### Task goal:
In this exercise, copy exactly the lines from the one that contains "Kum üzerinde komik ananas" through the end of the entries below; pictures are not copied.

### Provided records:
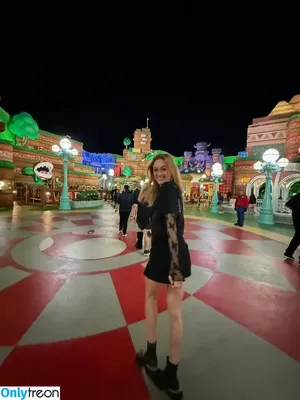 Madison Lintz / madisonlintz nude photo #0246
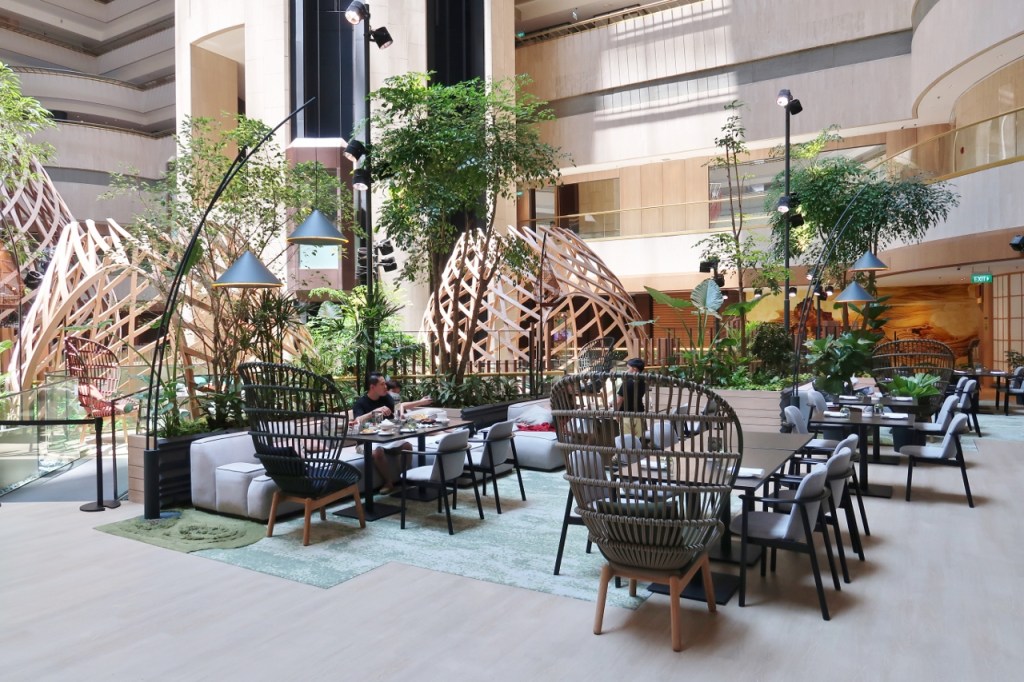 Outer seating area at Peppermint Restaurant at PARKROYAL COLLECTION Marina Bay Hotel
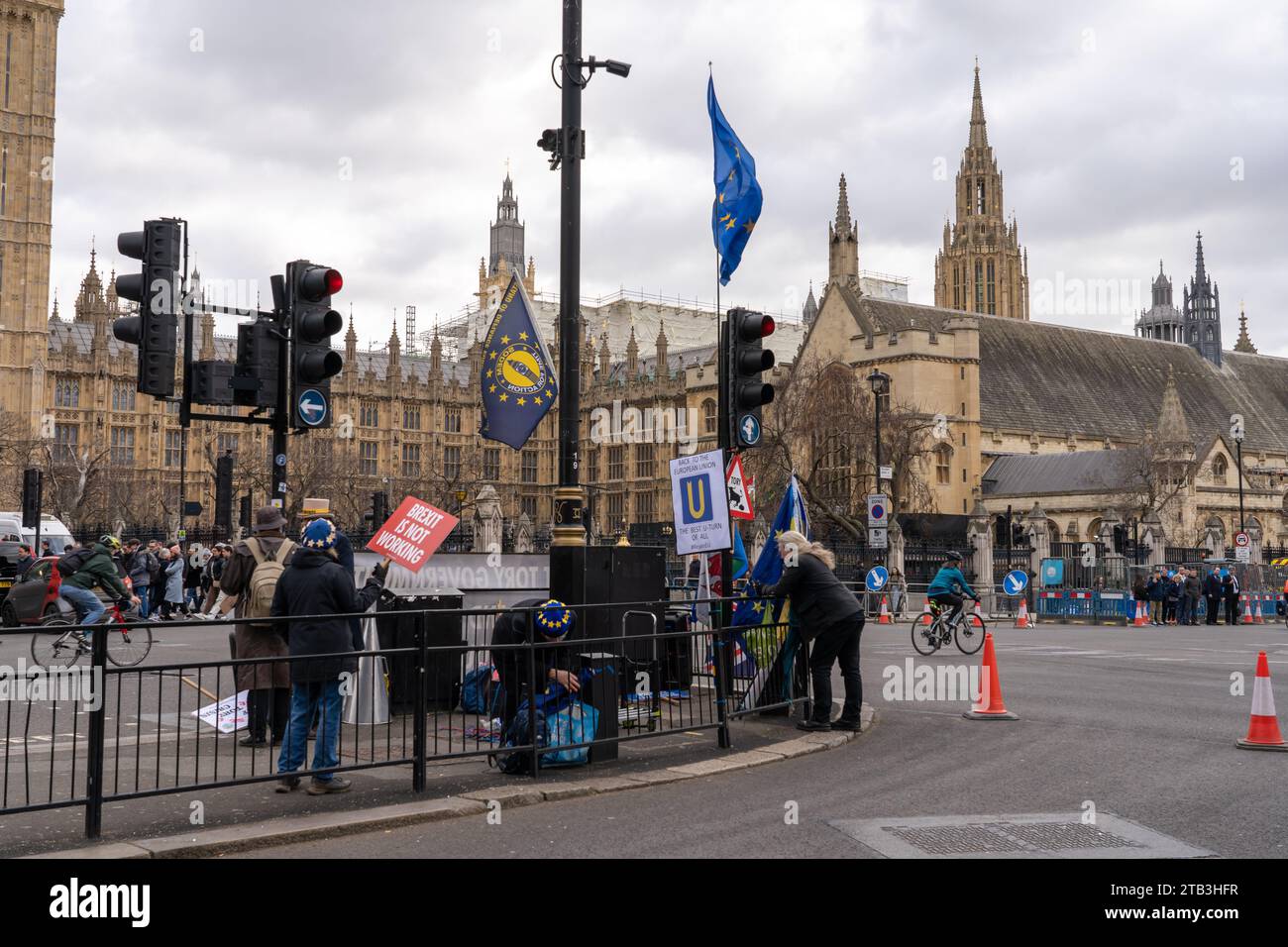 Manifestation anti-Brexit à Londres avec le drapeau de l'UE et l'Union Jack Banque D'Images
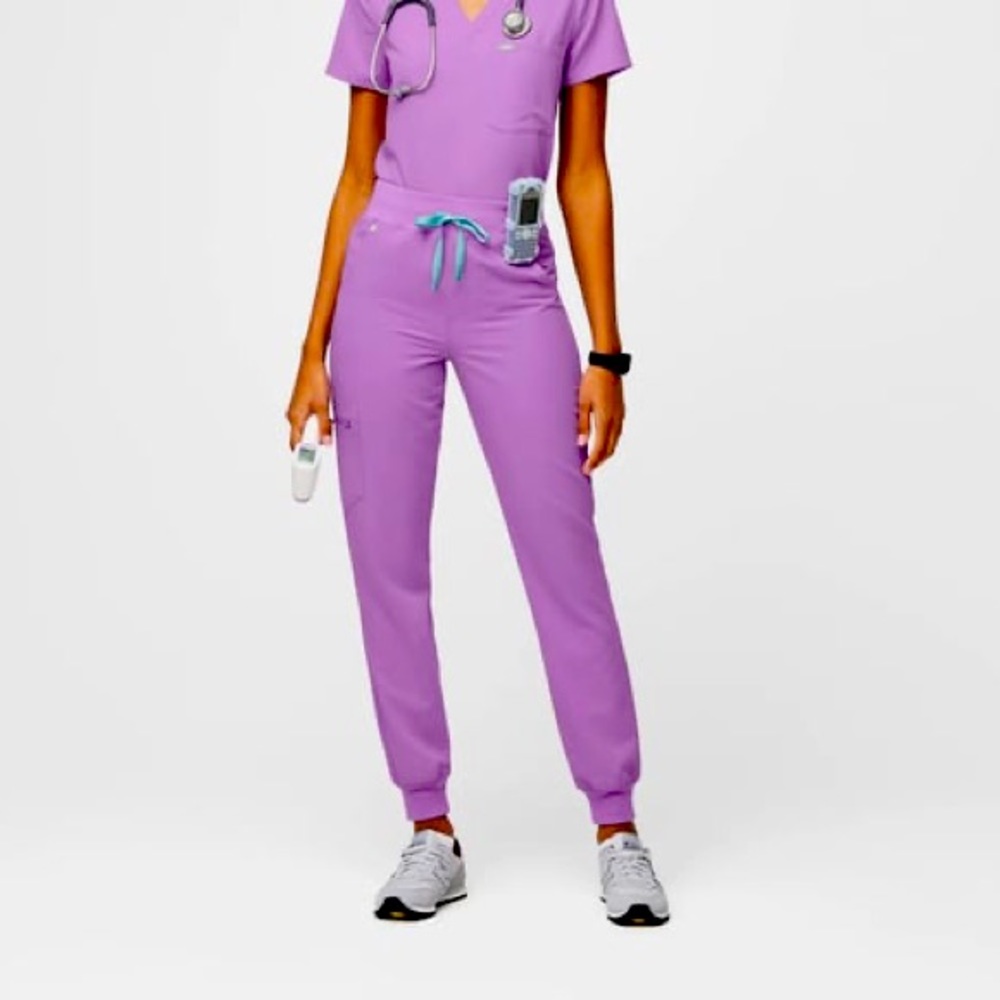 New pair of lilac purple scrub bottom jogger size large . To big for me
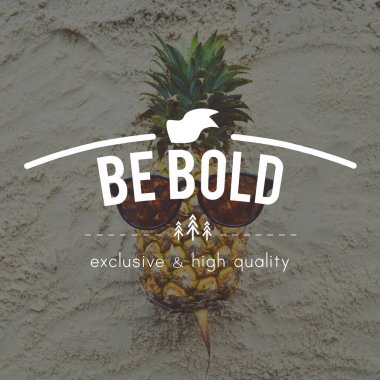 Kum üzerinde komik ananas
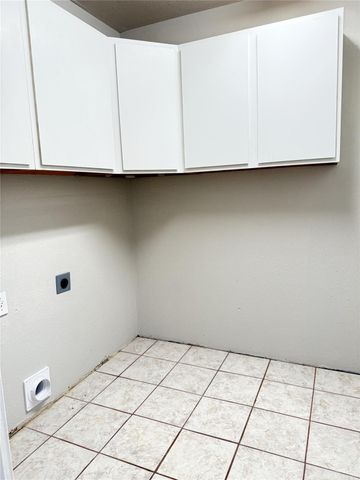 1403 Alcoa Ave, Rockdale, TX 76567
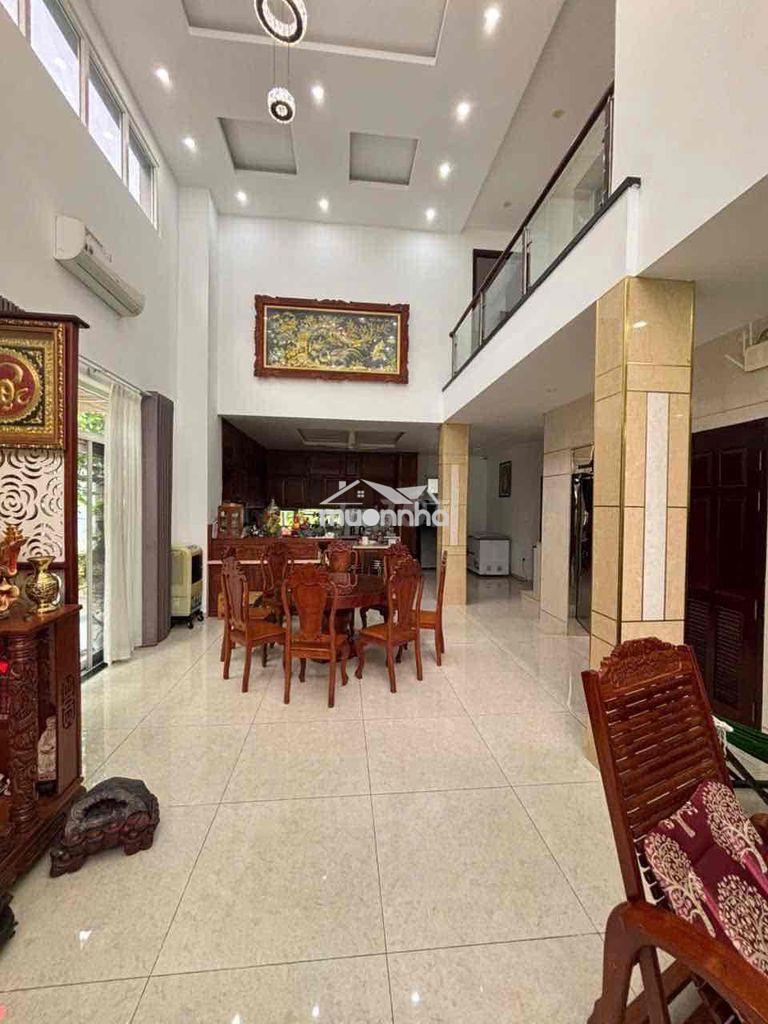 Cần bán nhà ở khu biệt thự cao cấp viila part phường phú hữu quận 9, h - 2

### Response to this task:
 Kum üzerinde komik ananas
 1403 Alcoa Ave, Rockdale, TX 76567
 Cần bán nhà ở khu biệt thự cao cấp viila part phường phú hữu quận 9, h - 2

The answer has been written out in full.